Task material ▸
···

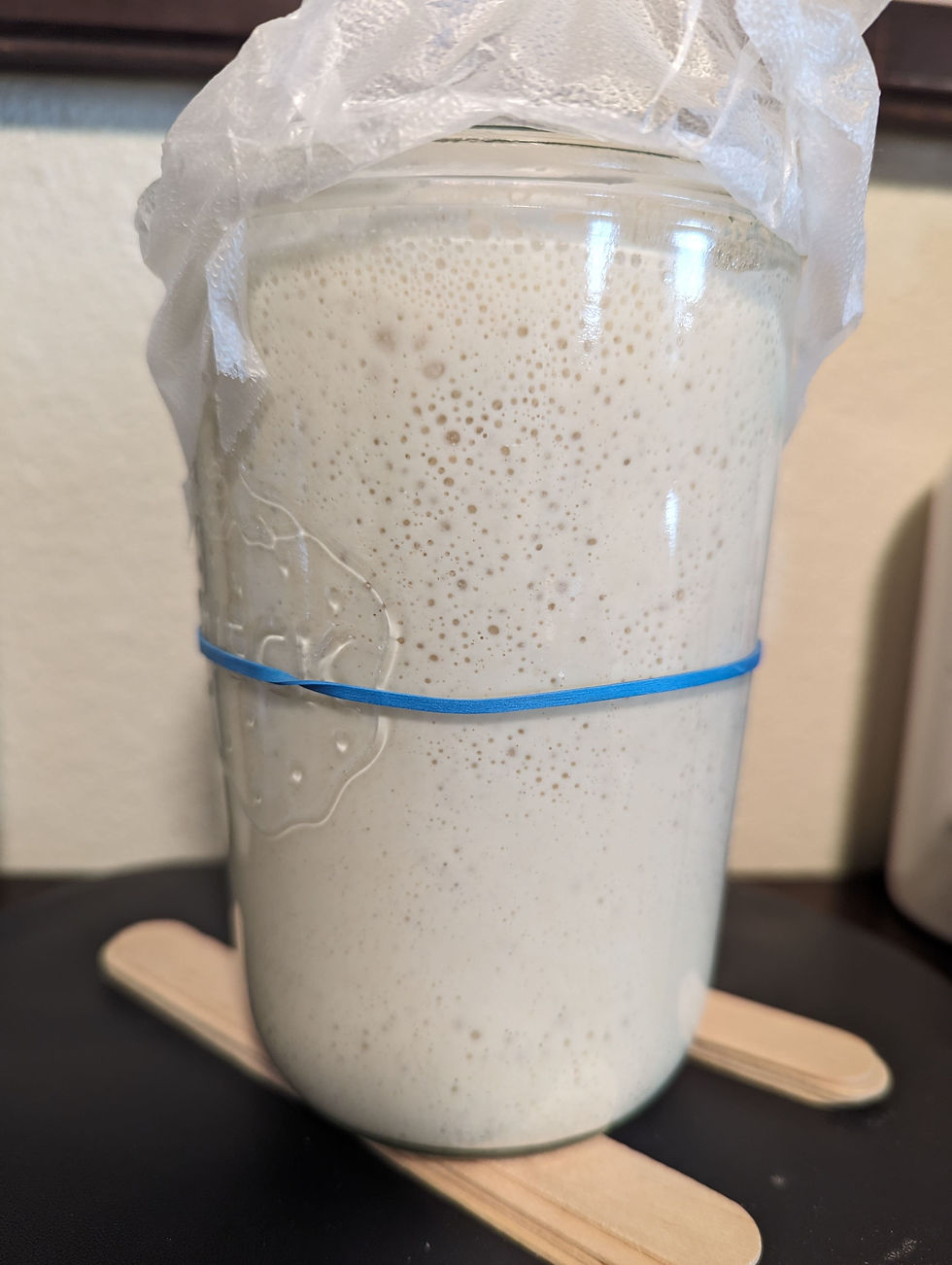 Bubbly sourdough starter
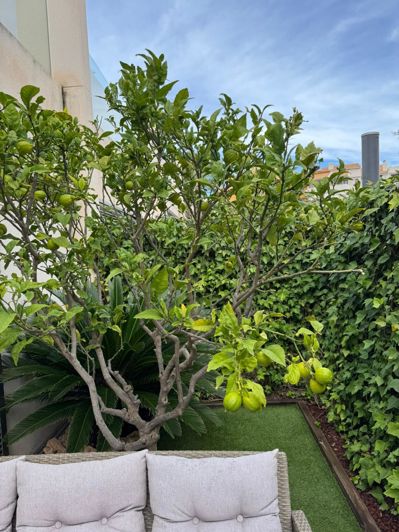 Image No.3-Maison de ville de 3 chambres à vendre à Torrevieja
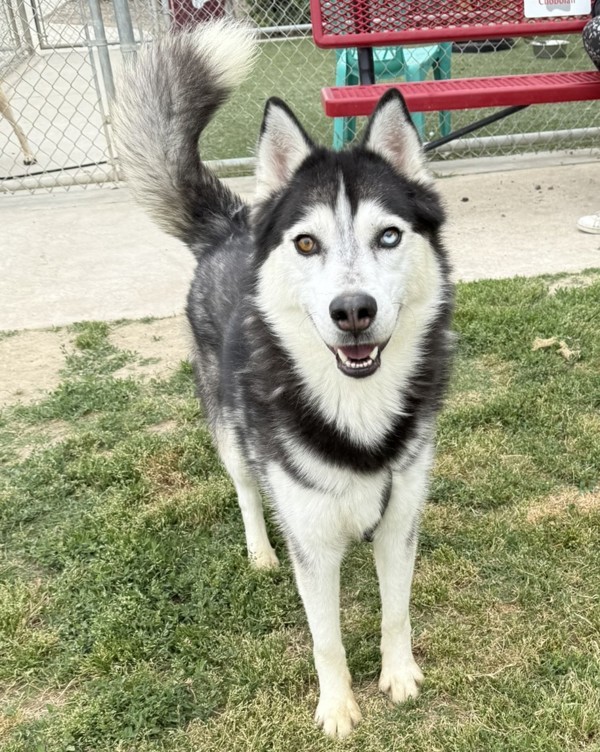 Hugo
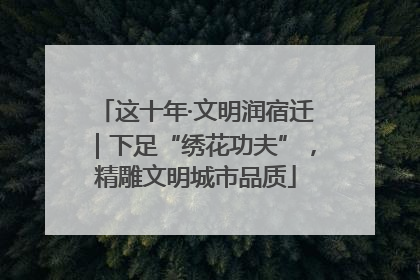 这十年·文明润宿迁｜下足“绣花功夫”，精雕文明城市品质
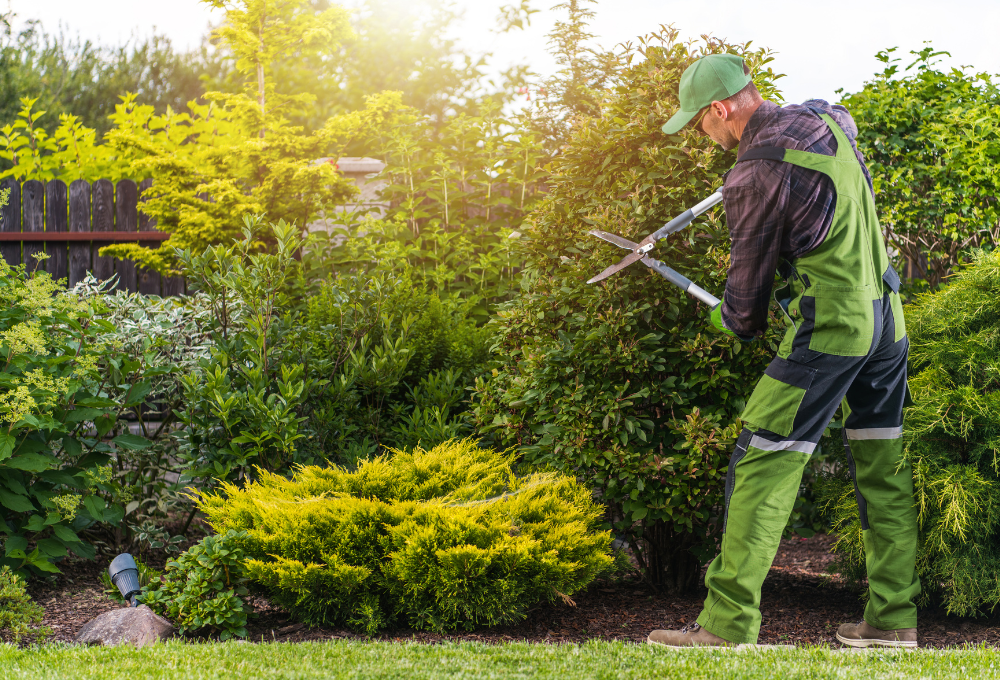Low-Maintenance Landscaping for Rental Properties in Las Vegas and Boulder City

···

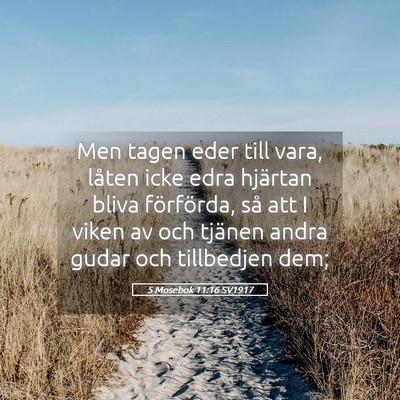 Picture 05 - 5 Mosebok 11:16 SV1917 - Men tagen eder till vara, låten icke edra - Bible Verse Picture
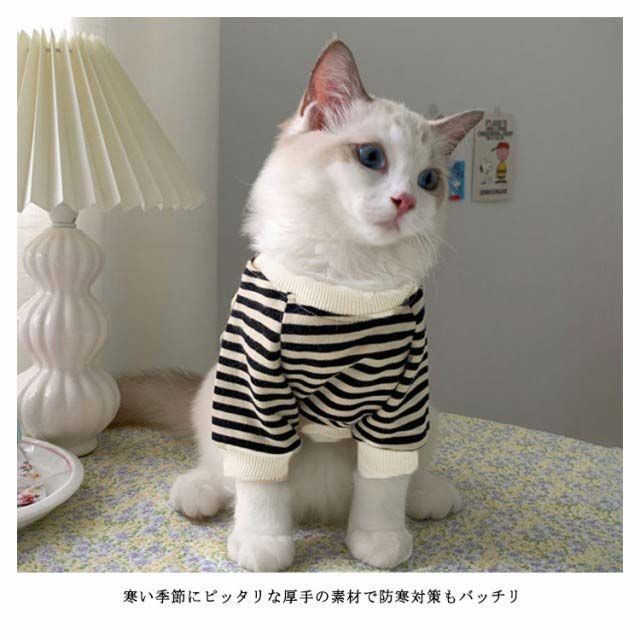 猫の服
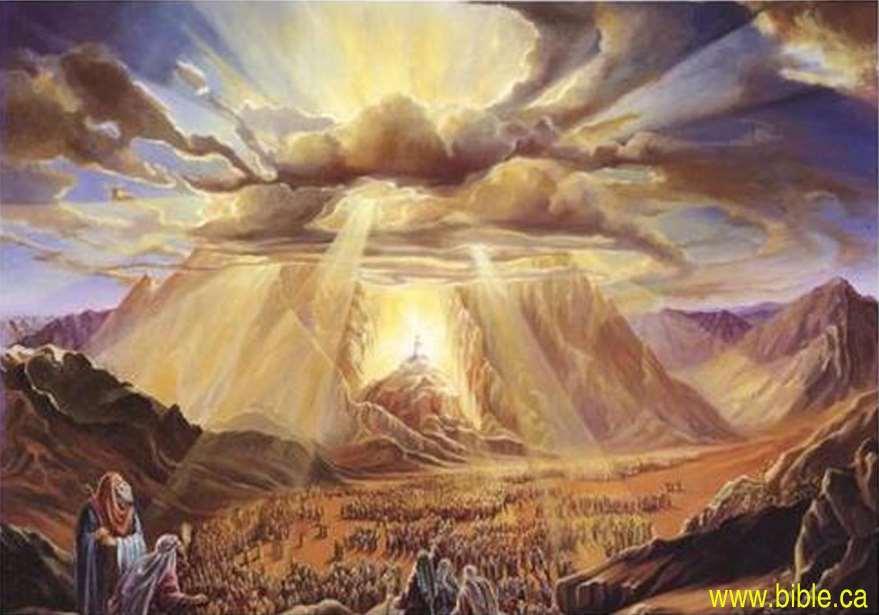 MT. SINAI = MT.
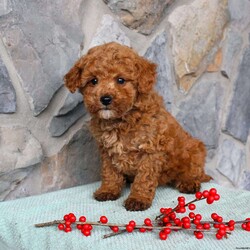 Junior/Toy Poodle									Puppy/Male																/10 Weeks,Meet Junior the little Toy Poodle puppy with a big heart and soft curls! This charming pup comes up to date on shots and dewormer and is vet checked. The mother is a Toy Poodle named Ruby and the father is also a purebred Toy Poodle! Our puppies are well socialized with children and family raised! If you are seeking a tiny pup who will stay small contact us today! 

···

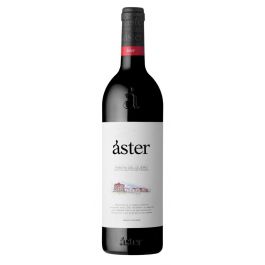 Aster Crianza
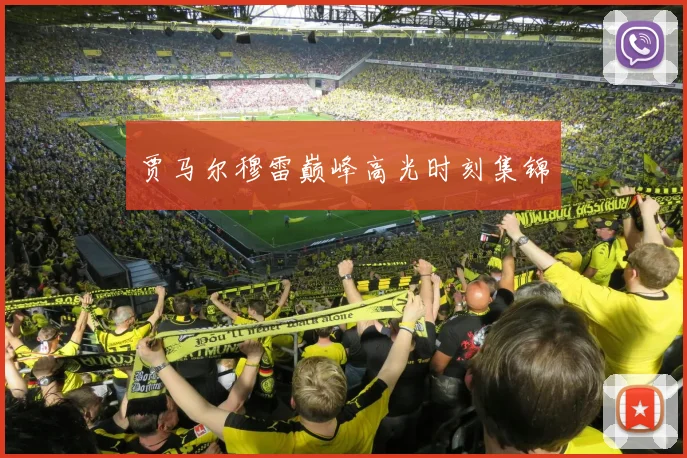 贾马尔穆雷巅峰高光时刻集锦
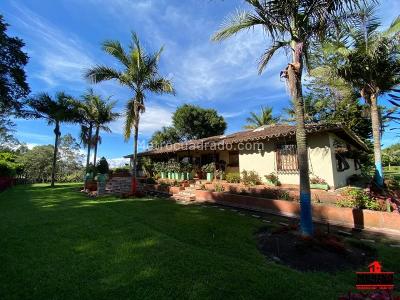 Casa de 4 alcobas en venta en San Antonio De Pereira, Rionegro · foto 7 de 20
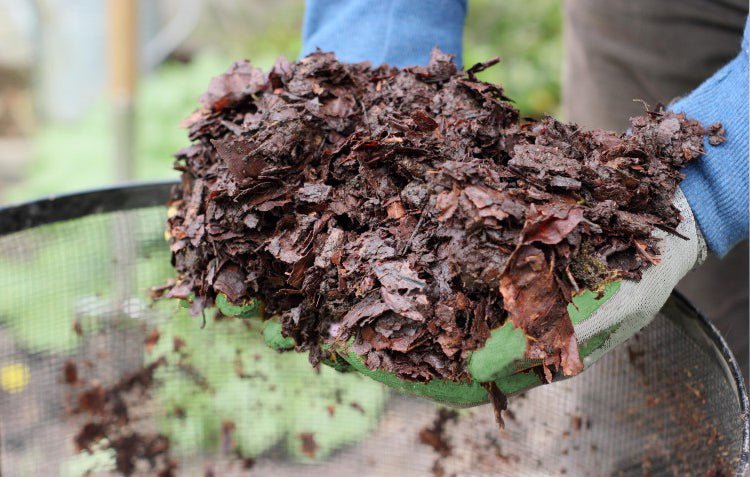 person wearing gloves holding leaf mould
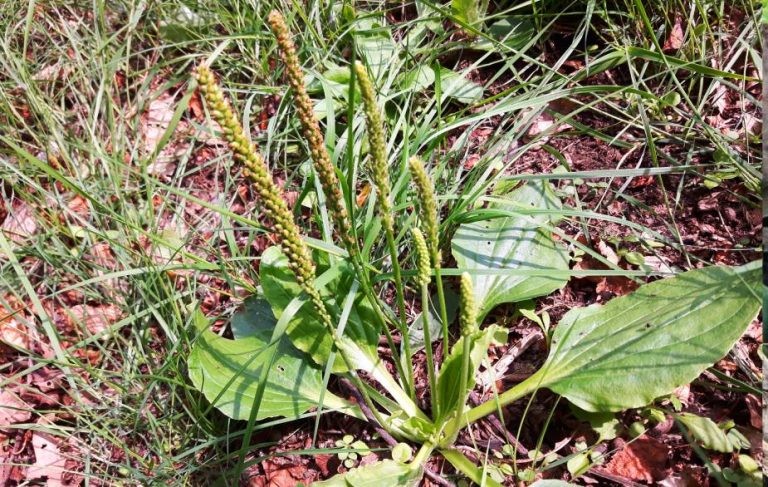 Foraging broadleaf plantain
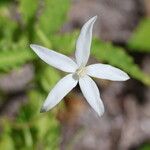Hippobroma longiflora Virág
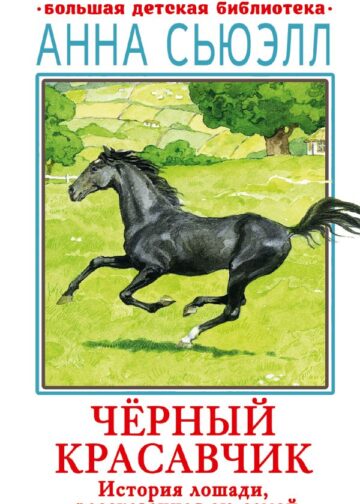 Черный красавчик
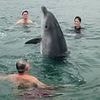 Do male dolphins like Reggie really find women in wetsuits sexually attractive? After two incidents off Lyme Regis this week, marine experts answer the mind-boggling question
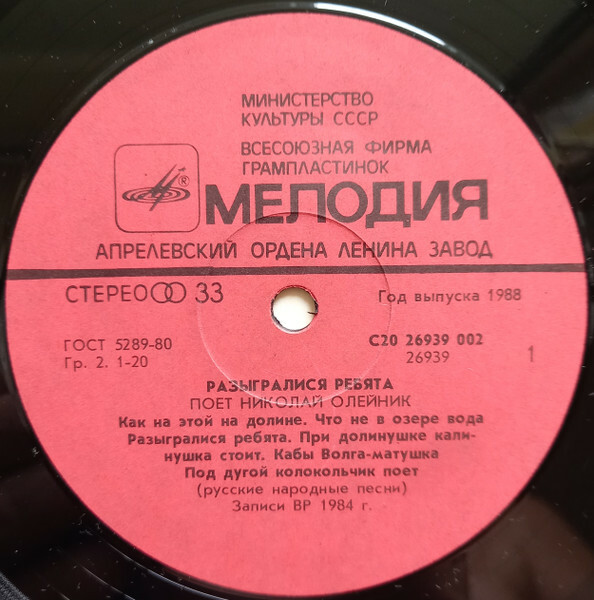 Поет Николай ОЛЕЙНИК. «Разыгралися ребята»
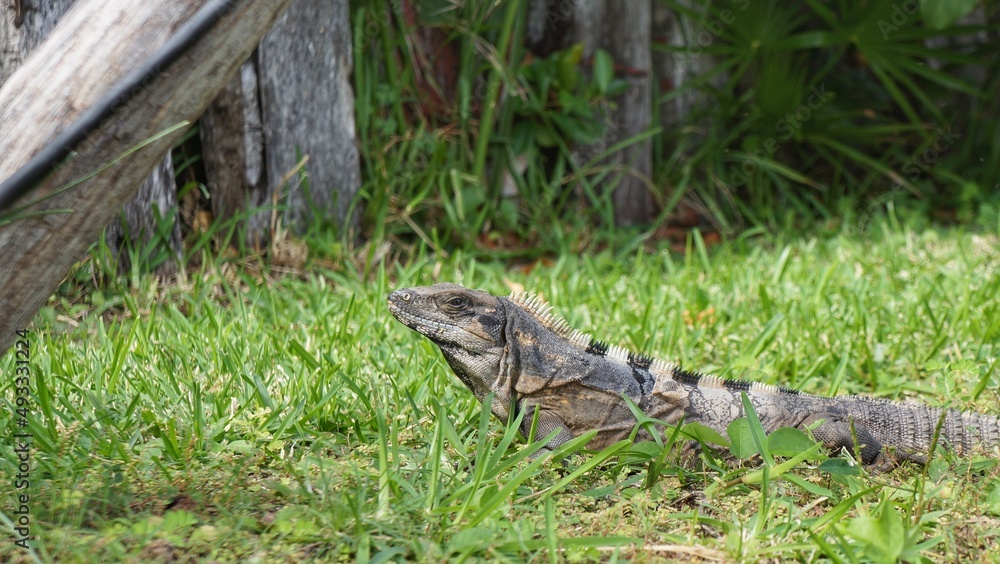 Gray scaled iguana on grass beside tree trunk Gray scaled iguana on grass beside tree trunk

···

Aim of the task ▸ Look above for the line with "person wearing gloves holding leaf mould"; quote it and every line after it, stopping after the line with "Gray scaled iguana on grass beside tree trunk Gray", exactly, with nothing added and without pictures.

Solution ▸
 person wearing gloves holding leaf mould
 Foraging broadleaf plantain
Hippobroma longiflora Virág
 Черный красавчик
 Do male dolphins like Reggie really find women in wetsuits sexually attractive? After two incidents off Lyme Regis this week, marine experts answer the mind-boggling question
 Поет Николай ОЛЕЙНИК. «Разыгралися ребята»
 Gray scaled iguana on grass beside tree trunk Gray scaled iguana on grass beside tree trunk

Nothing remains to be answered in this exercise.